Ridge Runner is offline  
Old 08-18-2022, 06:17 PM
  #9  
Boone & Crockett
Thread Starter
 
bronko22000's Avatar
 
Join Date: Jan 2004
Location: Eastern PA
Posts: 12,621
Default

The difference between the 260 and the 6.5 CM is really insignificant. I agree the 260 didn't get the amount of sales it deserved. I consider it a great deer sized cartridge. But like Jake said you can buy 6.5CM ammo almost everywhere but not so with the 260 Rem.
All due to good marketing something Remington was never very good at.They did the same thing years ago with the 6mm/244 Rem up against the .243.

Last edited by bronko22000; 08-18-2022 at 06:19 PM.
bronko22000 is offline  
Old 08-19-2022, 06:41 AM
  #10  
Nontypical Buck
 
Nomercy448's Avatar
 
Join Date: Oct 2009
Location: Kansas
Posts: 3,842
Default

Originally Posted by bronko22000 View Post
the 260 didn't get the amount of sales it deserved.
This perception is really the crux of the matter.

No cartridge “deserves” any marketshare or sales volume at all. Full stop. No gazelle deserves to live through a day, and no lion deserves to eat.

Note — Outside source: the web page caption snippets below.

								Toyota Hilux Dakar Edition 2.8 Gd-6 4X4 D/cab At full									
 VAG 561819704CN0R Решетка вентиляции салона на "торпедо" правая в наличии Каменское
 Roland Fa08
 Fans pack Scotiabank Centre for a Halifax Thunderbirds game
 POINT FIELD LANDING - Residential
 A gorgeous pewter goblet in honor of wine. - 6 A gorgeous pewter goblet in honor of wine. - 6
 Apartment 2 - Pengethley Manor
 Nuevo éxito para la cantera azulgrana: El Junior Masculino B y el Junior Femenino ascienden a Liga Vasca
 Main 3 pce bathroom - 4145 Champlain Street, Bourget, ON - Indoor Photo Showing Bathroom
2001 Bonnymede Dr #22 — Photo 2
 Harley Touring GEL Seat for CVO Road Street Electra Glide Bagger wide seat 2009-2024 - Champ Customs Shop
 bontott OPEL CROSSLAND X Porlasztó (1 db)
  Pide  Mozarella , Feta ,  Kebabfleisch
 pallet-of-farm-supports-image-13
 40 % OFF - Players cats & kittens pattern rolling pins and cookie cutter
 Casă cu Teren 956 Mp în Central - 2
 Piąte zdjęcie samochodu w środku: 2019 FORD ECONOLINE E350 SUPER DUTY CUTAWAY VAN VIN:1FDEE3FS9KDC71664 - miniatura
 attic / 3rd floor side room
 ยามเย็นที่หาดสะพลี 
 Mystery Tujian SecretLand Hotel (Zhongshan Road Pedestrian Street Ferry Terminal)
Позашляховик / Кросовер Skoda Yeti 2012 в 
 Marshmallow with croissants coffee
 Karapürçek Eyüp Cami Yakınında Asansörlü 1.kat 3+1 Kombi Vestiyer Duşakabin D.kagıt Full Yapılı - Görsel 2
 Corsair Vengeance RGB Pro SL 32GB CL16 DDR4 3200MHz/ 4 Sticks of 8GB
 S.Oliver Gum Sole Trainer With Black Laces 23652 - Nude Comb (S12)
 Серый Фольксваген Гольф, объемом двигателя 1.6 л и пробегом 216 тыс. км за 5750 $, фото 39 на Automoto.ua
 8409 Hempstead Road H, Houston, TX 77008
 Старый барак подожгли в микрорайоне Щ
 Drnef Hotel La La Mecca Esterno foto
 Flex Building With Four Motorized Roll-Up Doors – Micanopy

The firearms consumer market is a capitalist economy, and rarely does “most popular” or “highest selling” ever correspond to “fastest” as an objective measure of ballistic performance - let alone correspond to “older.” “Hype” is a buzzword which folks like to throw around, but rarely has marketing “hype” without corresponding performance really delivered in market - some folks buy shiny things before the collective has realized it’s just a skin of tinfoil, but in the modern age of digital marketing and social media, there’s no hiding - if a product doesn’t deliver, it’s called to the mat and debunked within weeks, or even days. But popularity isn’t just about objective performance - remember, the 30-30 and the 6.5 swede were invented within a year of one another, with the 6.5 swede clearly - objectively - a ridiculously higher performing cartridge, but the Dirty Thirty would own greater marketshare forever thereafter, for no particular objective reason, simply subjective consumer preference - even with the original advertising extolling the flat trajectory of the 30-30 as a unique advantage to the round and rifle!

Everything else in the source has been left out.